"I will explain to you my notion," said Professor Moissan, the great French chemist. "I think it was a pill of the air, which he has taken."

"What do you mean by that?"

"My meaning is," said Professor Moissan, "that the Martian must have, for that he may live, the nitrogen and the oxygen. These can he not obtain here, where there is not the atmosphere. Therefore must he get them in some other manner. This has he managed to do by combining in these pills the oxygen and the nitrogen in the proportions which make atmospheric air. Doubtless upon Mars there are the very great chemists. They have discovered how this may be done. When the Martian has swallowed his little pill, the oxygen and the nitrogen are rendered to his blood as if he had breathed them, and so he can live with that air which has been distributed to him with the aid of his stomach in place of his lungs."

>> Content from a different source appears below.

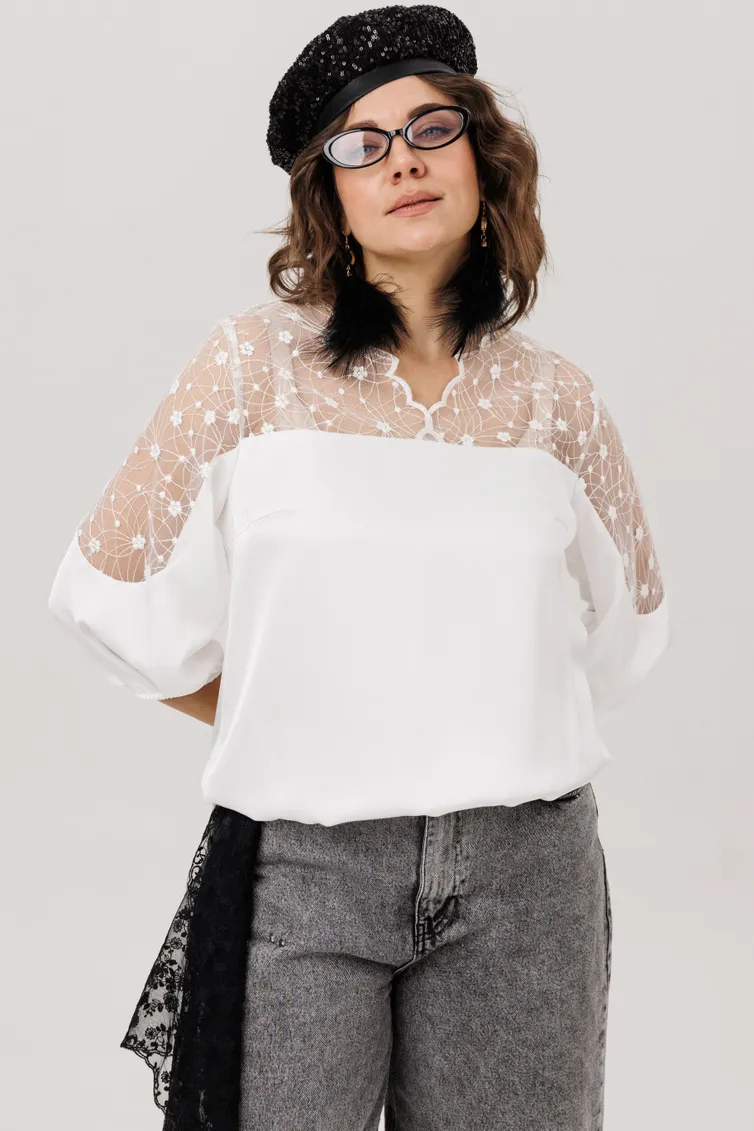 Blouse Anelli Laurel #1790 farforovoe kruzhevo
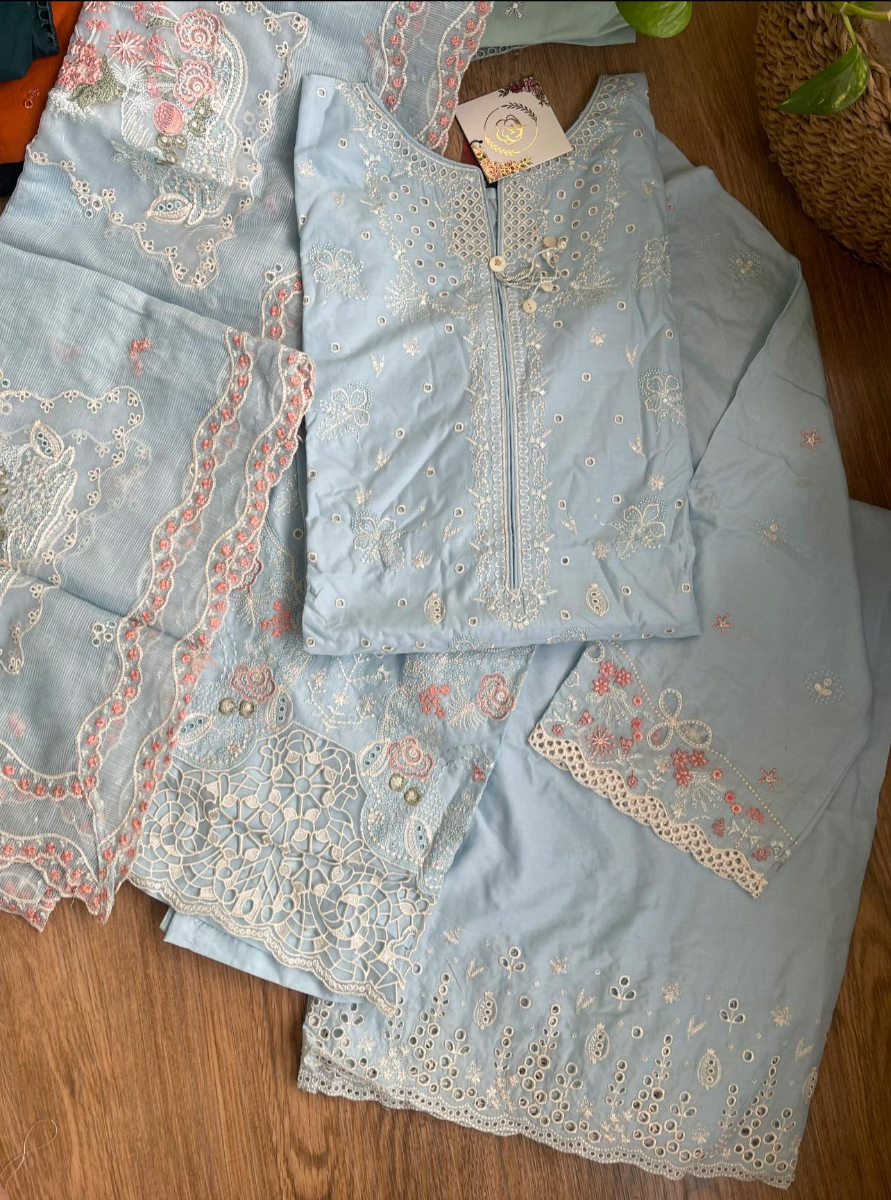 Pakistani Original HZ Textiles Luxury Cotton Stitched 3Pcs _ Sky Blue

If Monsieur Moissan's explanation was not correct, at any rate it seemed the only one which would fit the facts before us. Certainly the Martian could not breathe where there was practically no air, yet just as certainly after he had swallowed his pill he seemed as comfortable as any of us.

Suddenly, while we were gathered around the prisoner, and interested in this fresh evidence of the wonderful ingenuity of the Martians, and of their control over the processes of nature, one of the electrical ships that had been sent off in the direction of Mars was seen rapidly returning and displaying signals.

It reported that the Martians were coming!


CHAPTER EIGHT

"THE MARTIANS ARE COMING!"

The alarm was spread instantly among those upon the planet and through the remainder of the fleet.